I've made the assumption that RequestorID is the foreign key for the PersonnelID primary key in tblPersonnelProfile. This should do it for SQL Server
SELECT
issues.TicketID,
personnel.FirstName + ' ' + personnel.LastName AS RequesterFullName,
CASE WHEN attribute.Attribute = 'Urgent' THEN attribute.AttributeValue ELSE NULL END AS UrgentPriorityID,
CASE WHEN attribute.Attribute = 'Medium' THEN attribute.AttributeValue ELSE NULL END AS MediumPriorityID,
CASE WHEN attribute.Attribute = 'Low' THEN attribute.AttributeValue ELSE NULL END AS LowPrioritytID
FROM
tblTicketIssues issues
INNER JOIN
tblPersonnelProfile personnel
ON
issues.RequestorID = personnel.PersonnelID
INNER JOIN
tblTicketAttribute attribute
ON
issues.TicketID = attribute.TicketID
Using the CASE statement as jms or Russ have done is probably the much better way to go, but you could also use sub-selects to solve the problem:
SELECT ti.TicketID,
pp.FirstName || ' ' || pp.LastName AS RequesterFullName,
(SELECT ta.AttributeValue FROM tblTicketAttribute AS ta WHERE ta.Attribute = 'Urgent' AND ta.TicketID = ti.TicketID) AS UrgentPriorityID,
(SELECT ta.AttributeValue FROM tblTicketAttribute AS ta WHERE ta.Attribute = 'Medium' AND ta.TicketID = ti.TicketID) AS MediumPriorityID,
(SELECT ta.AttributeValue FROM tblTicketAttribute AS ta WHERE ta.Attribute = 'Low' AND ta.TicketID = ti.TicketID) AS LowPriorityID
FROM tblTicketIssues AS ti
INNER JOIN tblPersonnelProfile AS pp ON ti.RequestorID = pp.PersonnelID;
I suspect the CASE would be much faster, but you never know until you measure, and sometimes the sub-select approach is your only option. You'll automatically get NULLs in the sub-select columns if the WHERE predicate is false.

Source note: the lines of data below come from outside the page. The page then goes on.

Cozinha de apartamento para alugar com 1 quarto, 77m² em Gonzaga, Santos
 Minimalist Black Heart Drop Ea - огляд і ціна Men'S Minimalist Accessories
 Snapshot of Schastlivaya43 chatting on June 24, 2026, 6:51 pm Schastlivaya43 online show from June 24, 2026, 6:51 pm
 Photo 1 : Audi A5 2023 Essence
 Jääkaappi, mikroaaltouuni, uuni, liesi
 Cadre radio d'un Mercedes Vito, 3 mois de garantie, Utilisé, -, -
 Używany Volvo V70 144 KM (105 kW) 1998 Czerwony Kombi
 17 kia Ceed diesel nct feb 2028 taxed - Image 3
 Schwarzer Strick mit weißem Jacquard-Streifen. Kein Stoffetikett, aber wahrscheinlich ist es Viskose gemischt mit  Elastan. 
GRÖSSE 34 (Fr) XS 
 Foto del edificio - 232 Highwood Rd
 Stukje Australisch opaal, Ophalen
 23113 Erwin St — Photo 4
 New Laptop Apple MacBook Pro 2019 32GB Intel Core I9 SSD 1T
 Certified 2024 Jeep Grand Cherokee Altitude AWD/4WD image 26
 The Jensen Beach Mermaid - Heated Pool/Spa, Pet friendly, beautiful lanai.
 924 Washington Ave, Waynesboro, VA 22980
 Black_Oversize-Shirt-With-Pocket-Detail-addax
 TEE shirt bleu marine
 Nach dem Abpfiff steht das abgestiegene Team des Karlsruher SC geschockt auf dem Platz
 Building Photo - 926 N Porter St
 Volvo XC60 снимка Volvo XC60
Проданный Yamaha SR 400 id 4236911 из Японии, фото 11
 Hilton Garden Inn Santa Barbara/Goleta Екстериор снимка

Also, you get to see a whole 'nuther way to format SQL queries, as well as the more Oracle-ish concatenation operator.
I should also mention that the sub-select won't work if the TicketID column in tblTicketAttribute is not unique, but the other options may give wonky results too, if that's the case.